Depressionen sind eine sehr belastende Krankheit und der häufigste Grund für Suizide. Sie betreffen auch Menschen, die nicht im Hamsterrad sind. Falls die Depression jemand aus dem Hamsterrad wirft, handelt es sich um einen unnötig schmerzhaften und qualvollen Rauswurf.

Fast zehn Prozent der Bevölkerung nehmen Antidepressiva. Ist das nicht ein Armutszeugnis für eine Gesellschaft und die Hausärzte, die solche Psychopillen im Übermass verschreiben?

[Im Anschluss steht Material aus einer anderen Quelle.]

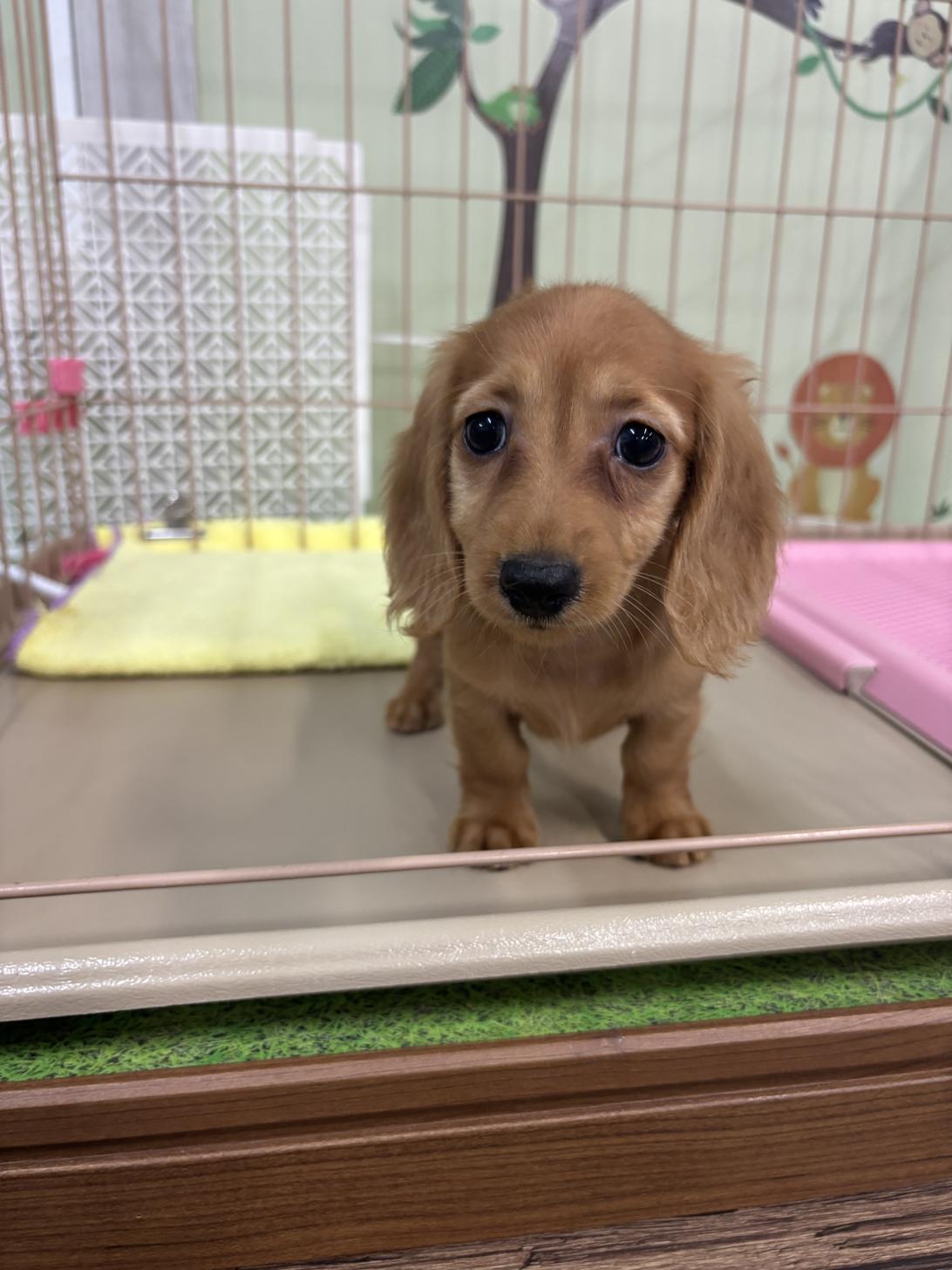 愛知県のミニチュアダックスフンド(ロング) (子いぬの足あと/2025年11月5日生まれ/女の子/ゴールド)の子犬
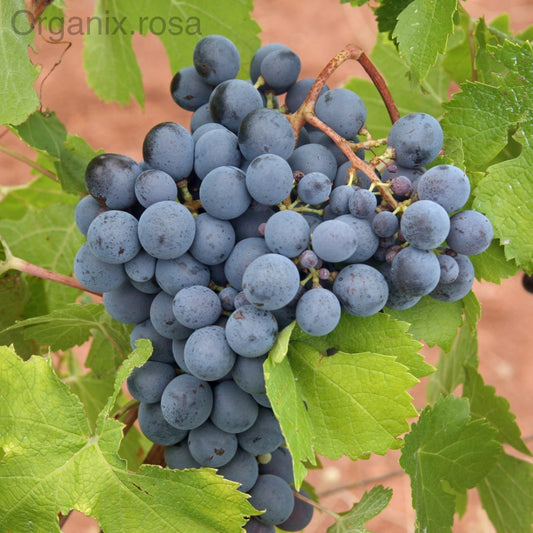 Grapes Black Hybrid Fruit - Plant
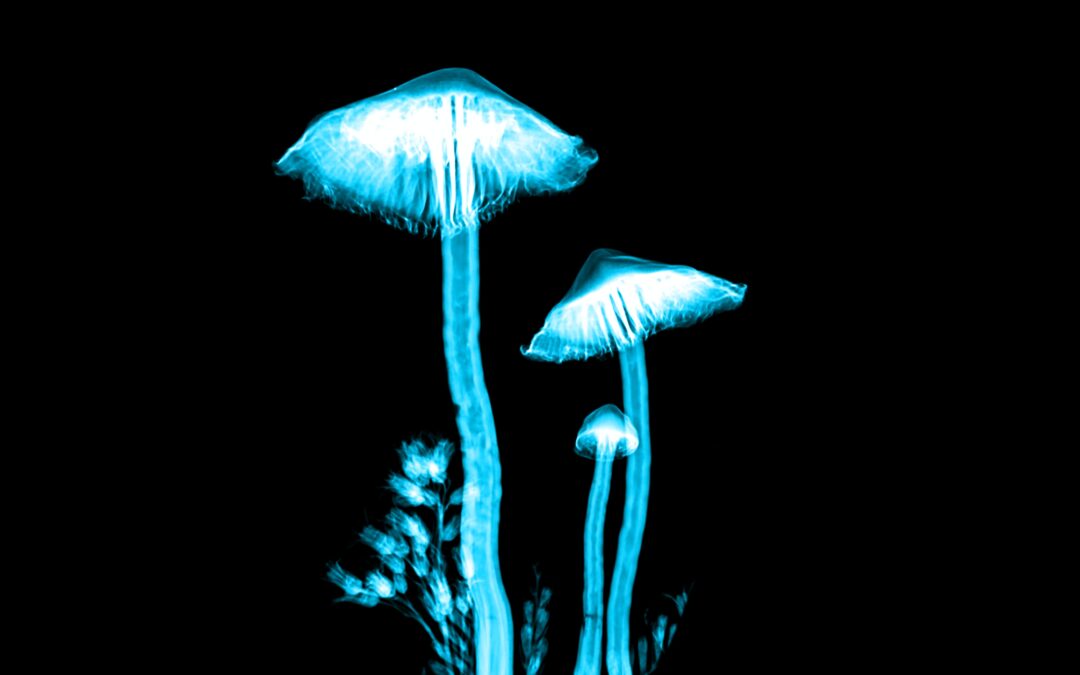 Intro to Magic Mushrooms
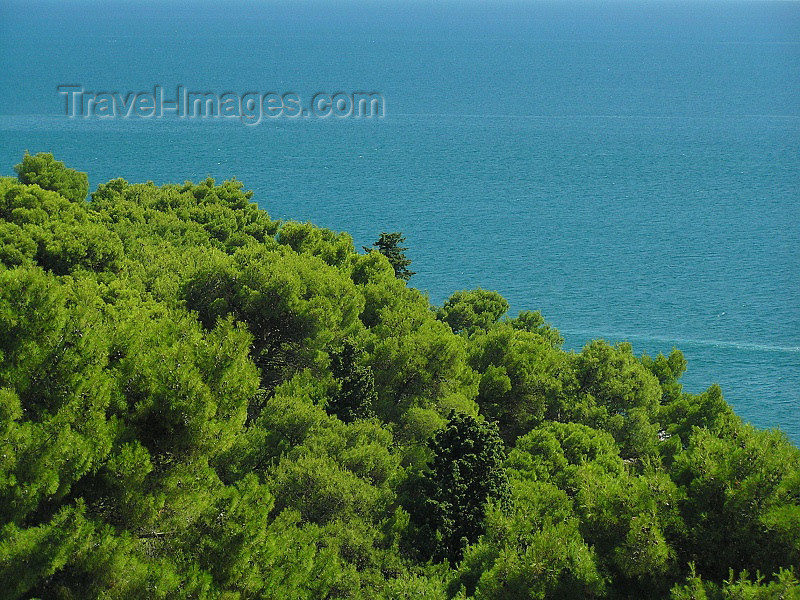 montenegro76: Montenegro - Crna Gora  - Ulcinj riviera: Mediterranean colours - vegetation by the Adriatic - photo by J.Kaman - (c) Travel-Images.com - Stock Photography agency - Image Bank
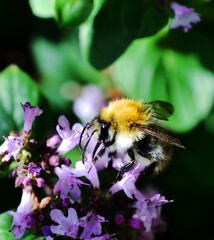 Wild Bee collecting pollen from a wild Basil flower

Eine neue Studie zur Verschreibung von Antidepressiva durch Hausärzte zeigt, dass die Patienten diese gerne nehmen, weil sie angstlösend wirken und so das Wohlbefinden verbessern. Mit Depression im engeren Sinn scheint dieser enorme Erfolg gar nicht so viel zu tun zu haben. Allgemein finde ich, dass sich Hausärzte mehr Zeit nehmen sollten, ihren Patienten verschiedene Therapieoptionen zu erklären. Die verbreitete Einnahme von Antidepressiva hat aber nicht nur mit den Ärzten zu tun. Es kommt immer häufiger vor, dass Patienten mich bitten, ihnen ein Antidepressivum zu verschreiben. Wenn ich abrate, sind sie ganz erstaunt. Das war vor zehn Jahren noch ganz anders.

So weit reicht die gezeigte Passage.